BACKGROUND OF THE INVENTION
[0003] Video codecs are employed to convert initial video sequence
(a set of video images, also named pictures, or frames) into
encoded bitstream (a set of compressed video sequence binary data),
and also converting video sequence binary data produced by a video
codec system into a reconstructed video sequence (a decoded set of
video images, or reconstructed frames). Hereinafter, the terms
"frame" and "picture" are assumed to be identical. It is known that
video compression relies on two basic assumptions. The first is
that human sensitivity to noise in the picture (frame) is highly
dependent on the frequency of the noise. The second is that in a
picture sequence every picture has a lot in common with the
preceding picture. In a picture large objects result in low spatial
frequencies, whereas small objects result in high spatial
frequencies. The noise detected by human vision is mostly at low
spatial frequencies. The data may be compressed by sending only the
difference between one picture and the next, and raising the noise
where it cannot be detected, thus shortening the length of data
words. Video sequence contains a significant amount of statistical
and subjective redundancy within and between pictures that can be
reduced by data compression technique to make its size smaller. For
still pictures (as in JPEG format), an intra-frame or spatial
redundancy is used, which treats each picture individually, without
reference to any other picture. In intra-coding, the main step is
to perform a spatial frequency analyses of the image using a known
technique of Discrete Cosine Transform (DCT). DCT converts input
pixels into a form in which the redundancy can be identified. The
frame is broken up into rectangular areas called macroblocks and
converted a macroblock at a time. A typical two-dimensional
2D-block is 8.times.8 pixels. The 2D-DCT converts the block into a
block of 64 coefficients. A coefficient is a number which describes
the amount of a particular spatial frequency which is present. The
coefficients then zig-zag scanned, weighted and run-length
coded.
[0004] For moving pictures, the mode of inter-coding is known to be
used to exploit redundancy between pictures, which gives a higher
compression factor than the intra-coding. The "difference" picture
is produced by subtracting every pixel in one picture from a pixel
in the same position in the next picture. The difference picture
may be then compressed using intra-coding with DCT.
[0005] In the case of significant movement between the pictures
resulting in large differences, it is known to use motion
compensation (MC), which allows a higher compression factor.

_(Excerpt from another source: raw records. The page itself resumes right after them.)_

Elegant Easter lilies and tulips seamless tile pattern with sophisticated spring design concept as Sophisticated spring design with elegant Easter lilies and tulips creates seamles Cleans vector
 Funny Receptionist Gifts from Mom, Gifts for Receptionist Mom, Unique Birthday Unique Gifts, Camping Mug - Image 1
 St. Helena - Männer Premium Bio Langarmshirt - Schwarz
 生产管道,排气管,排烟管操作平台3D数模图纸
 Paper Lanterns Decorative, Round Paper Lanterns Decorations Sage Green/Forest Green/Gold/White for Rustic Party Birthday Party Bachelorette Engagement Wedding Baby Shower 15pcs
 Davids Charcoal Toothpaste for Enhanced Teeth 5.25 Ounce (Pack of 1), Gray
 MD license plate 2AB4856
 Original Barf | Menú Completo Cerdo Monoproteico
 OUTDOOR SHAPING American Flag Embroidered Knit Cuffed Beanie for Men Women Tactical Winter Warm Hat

According to the known MC technique, at the coder, successive
pictures are compared and the shift of an area from one picture to
the next is measured to produce motion vectors. The codec attempts
to model the object in the new picture from the previous picture
using motion vectors. Each macroblock has its own motion vector
which applies to the whole block. The vector from the previous
picture is coded and vector differences are sent. Any discrepancies
are eliminated by comparing the model with the actual picture. The
codec sends the motion vectors and the discrepancies. The decoder
does the inverse process shifting the previous picture by the
vectors and adding the discrepancies to produce the next picture.
The quality of a reconstructed video sequence is measured as a
total deviation of it's pixels from the initial video sequence. The
increased use of real-time digital video communication
applications, such as video conferencing and video telephony
presents an ever increasing demand in high video quality.
[0006] In view of the increasing use of real-time and close to real
time video compression and arrival of a new standard improving
quality of the real time video communication, there is a need for
new effective algorithms applicable to different types of video
codecs, which can be used in the video encoders complying with
ITU-T Recommendation H.264, also known as MPEG-4 Part 10, or AVC
(ISO/IEC 14496-100), etc.
[0007] Most of known block-based video coding systems such as
MPEG-4 or ITU-T H.264, use coding algorithms with the common steps
of dividing each video frame into blocks of pixels (pels);
predicting the block pixels using "inter" prediction, or "intra"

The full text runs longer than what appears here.